◆ **Directions for this task**:
All the lines below need retyping exactly, apart from the images.

◆ **Information supplied**:
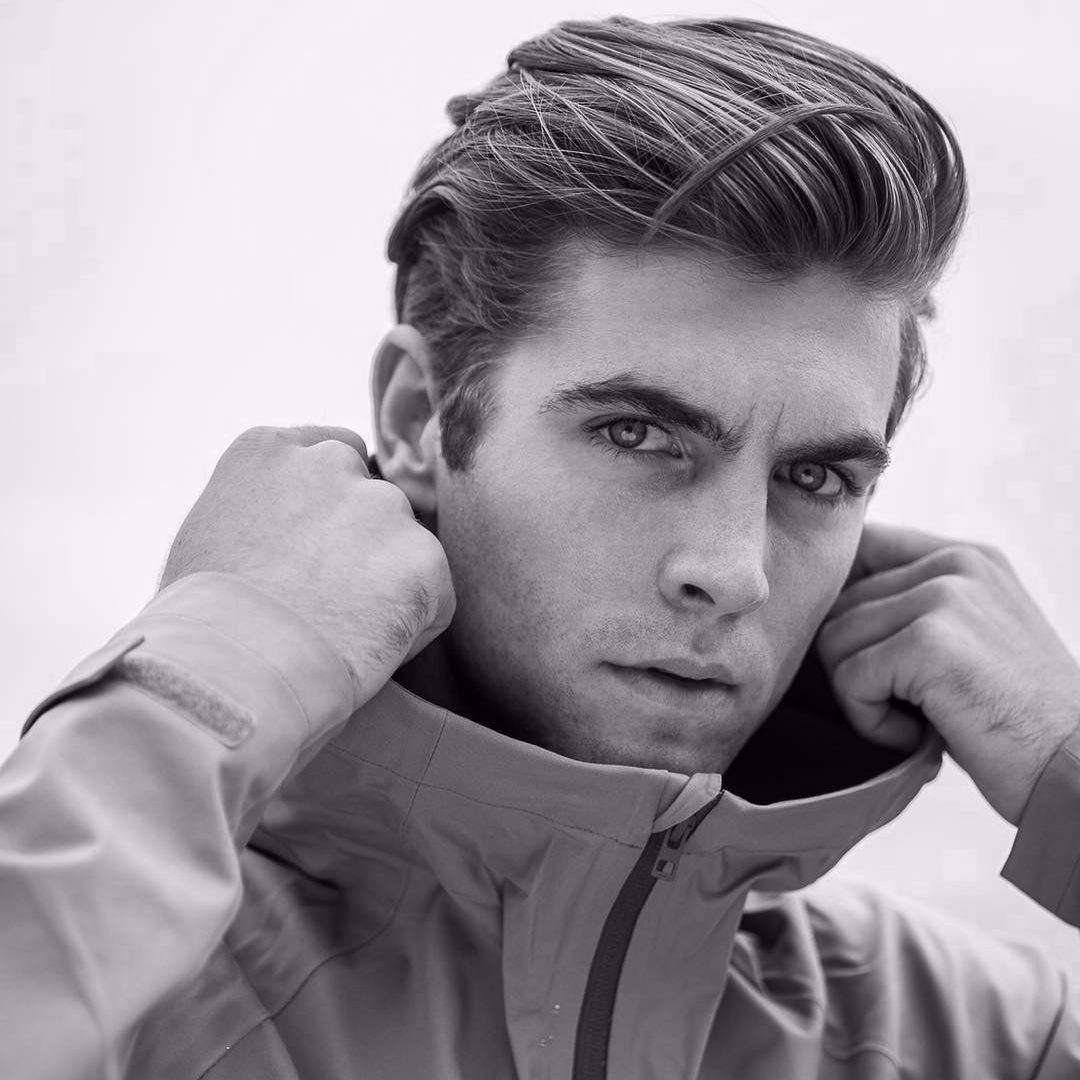 O2DPRTJ's tweet image. ㅤ  ⋅ depαrtments of jυѕtιce › ѕнιeld
ㅤ      thorsten brückner, engιneer 
ㅤ   ㅤ     ˹ welcome to work ˼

◆ **Response for this exercise**:
 O2DPRTJ's tweet image. ㅤ  ⋅ depαrtments of jυѕtιce › ѕнιeld
ㅤ      thorsten brückner, engιneer 
ㅤ   ㅤ     ˹ welcome to work ˼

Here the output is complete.